Copy out all the lines of the data precisely, omitting any pictures.

========================================

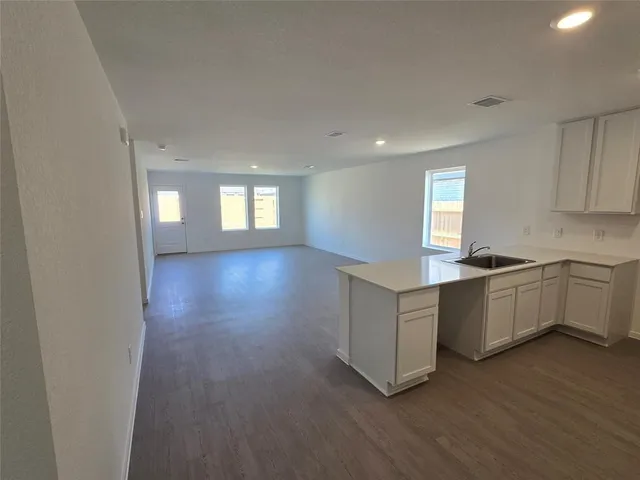 $199,990 | 318 Nicholas Road, Wharton, TX 77488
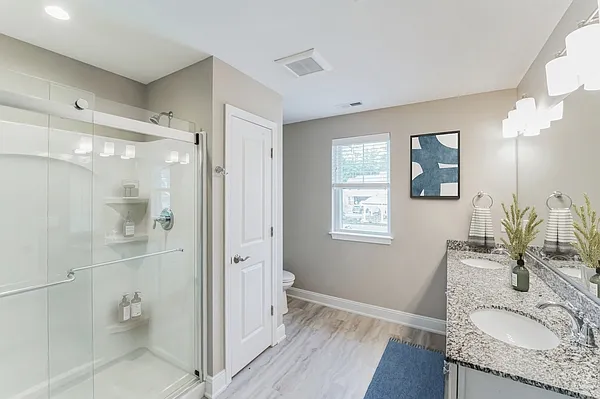 Highcroft Apartments — Photo 9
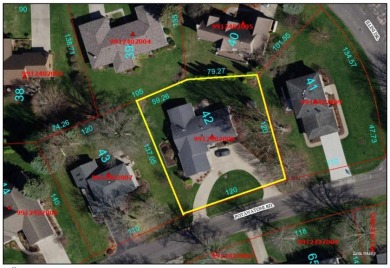 192 Potawatomi Road on Soangetaha Country Club in Illinois - for sale on GolfHomes.com, golf home, golf lot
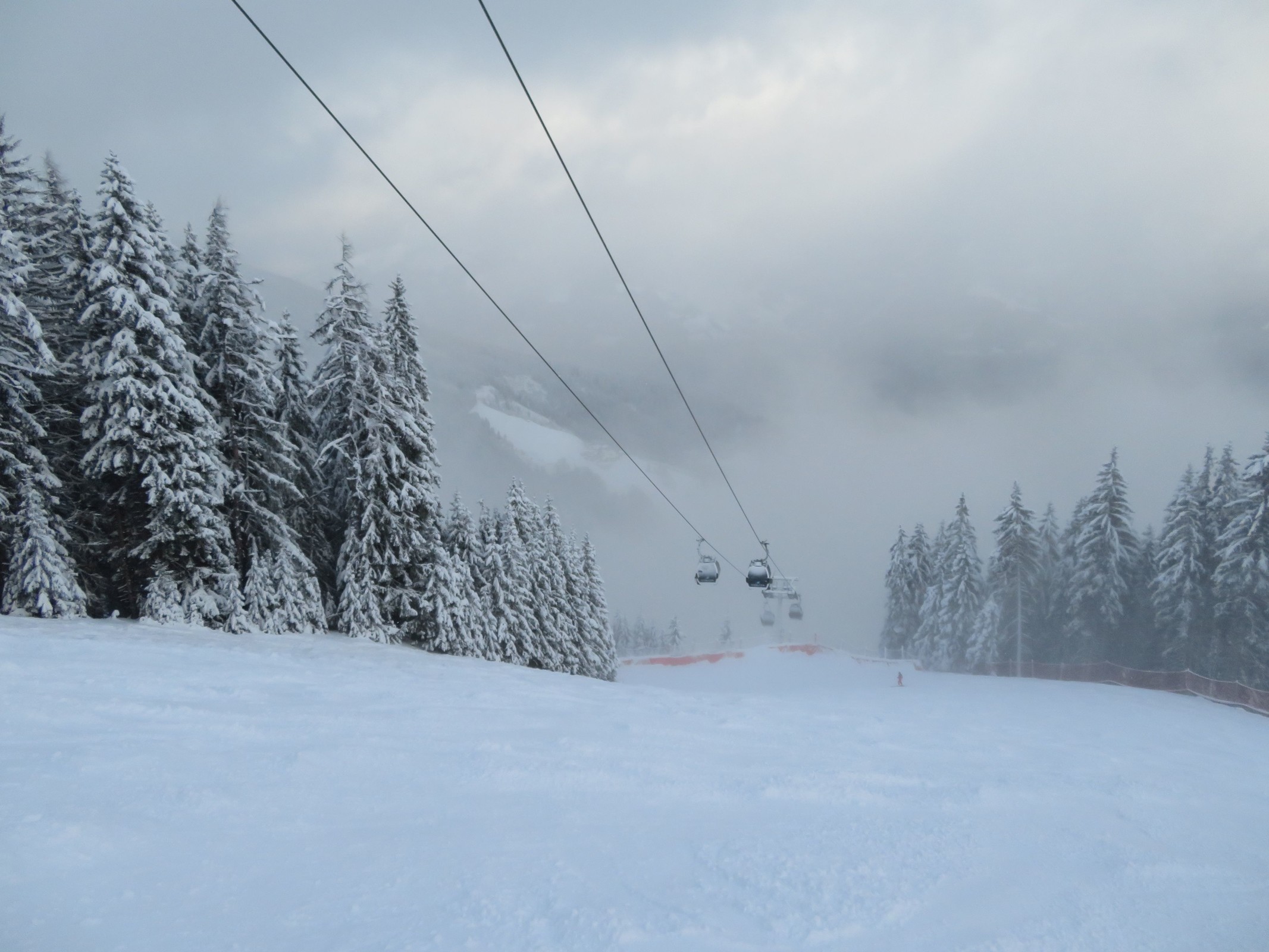 15.05 Uhr: Trassabfahrt (Nr. 14) mit trassXpress, Bilck talwärts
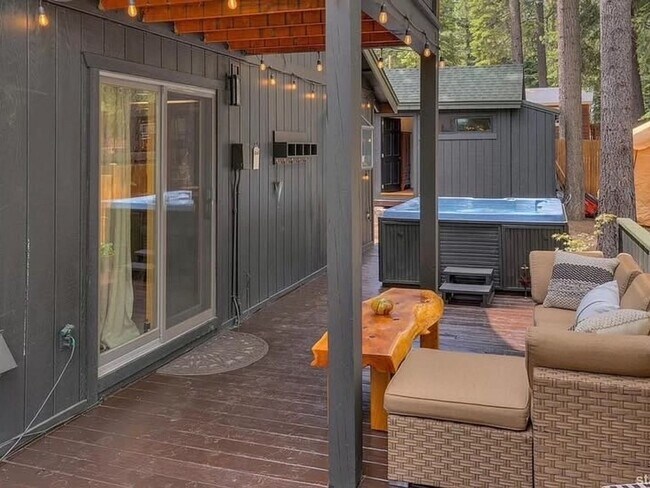 Building Photo - 4 Bedroom Single Family Home in South Lake Tahoe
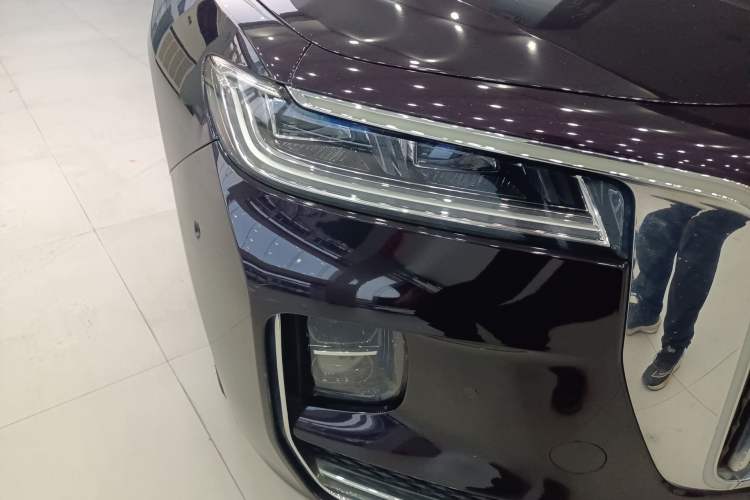 Used Hongqi H9 2020 2.0T Smart Connect Flagship Edition Right Front Headlight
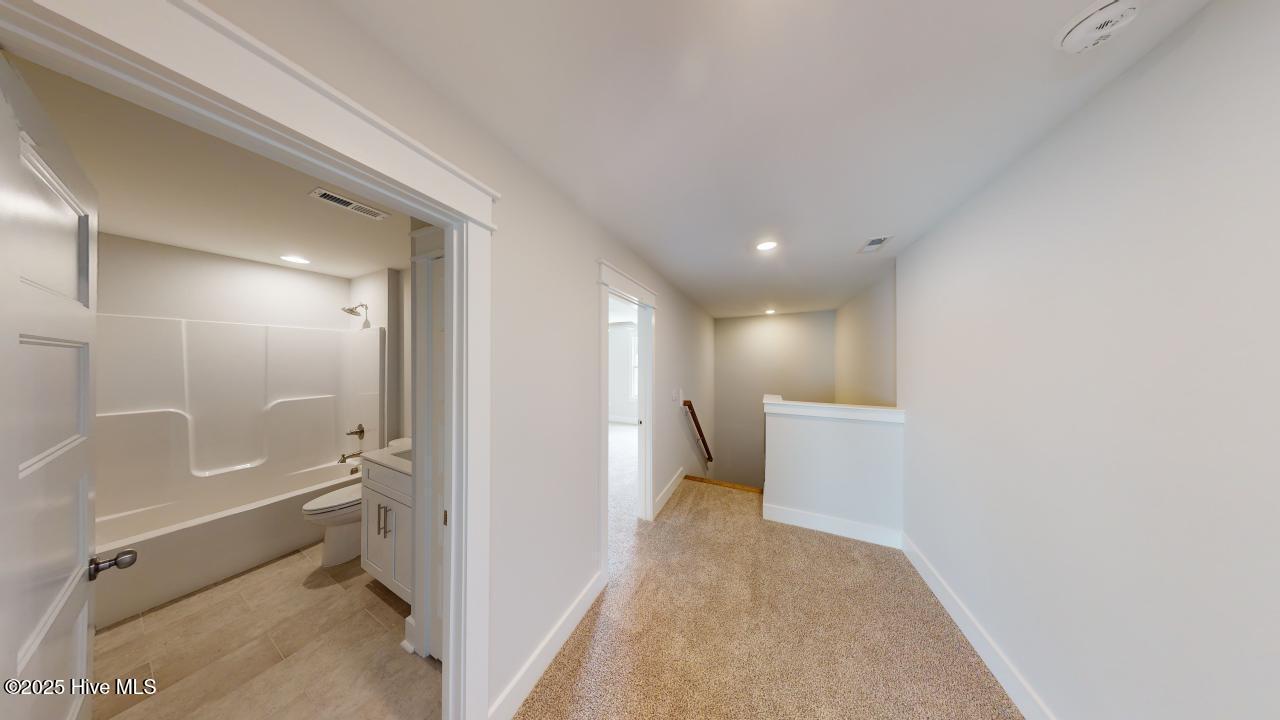 2082 Greenside Manor Drive L-37 Property Photo 21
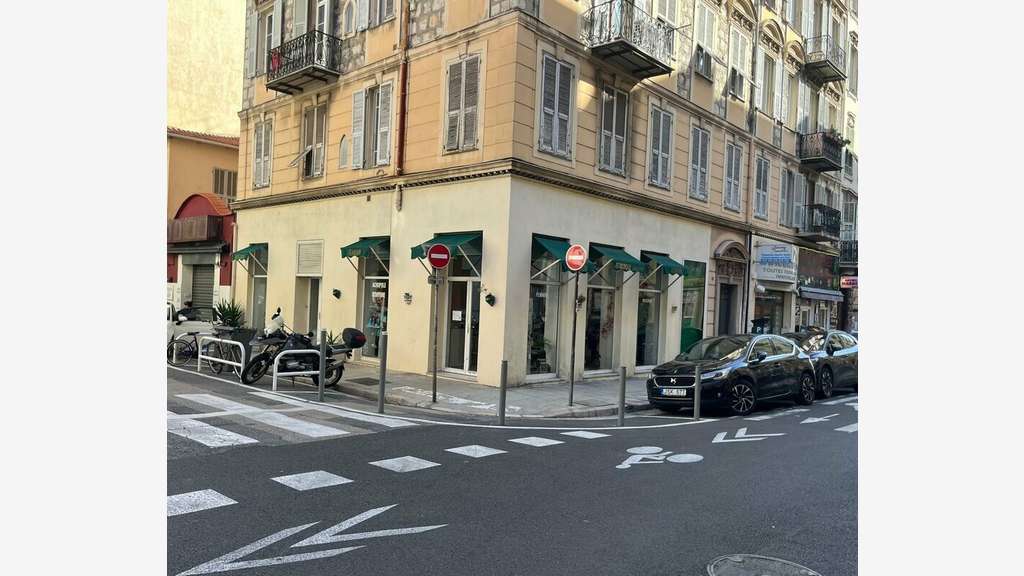 Droit au bail local d'angle quartier Port de Nice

========================================

■ Answer section
 $199,990 | 318 Nicholas Road, Wharton, TX 77488
 Highcroft Apartments — Photo 9
 192 Potawatomi Road on Soangetaha Country Club in Illinois - for sale on GolfHomes.com, golf home, golf lot
 15.05 Uhr: Trassabfahrt (Nr. 14) mit trassXpress, Bilck talwärts
 Building Photo - 4 Bedroom Single Family Home in South Lake Tahoe
 Used Hongqi H9 2020 2.0T Smart Connect Flagship Edition Right Front Headlight
 2082 Greenside Manor Drive L-37 Property Photo 21
 Droit au bail local d'angle quartier Port de Nice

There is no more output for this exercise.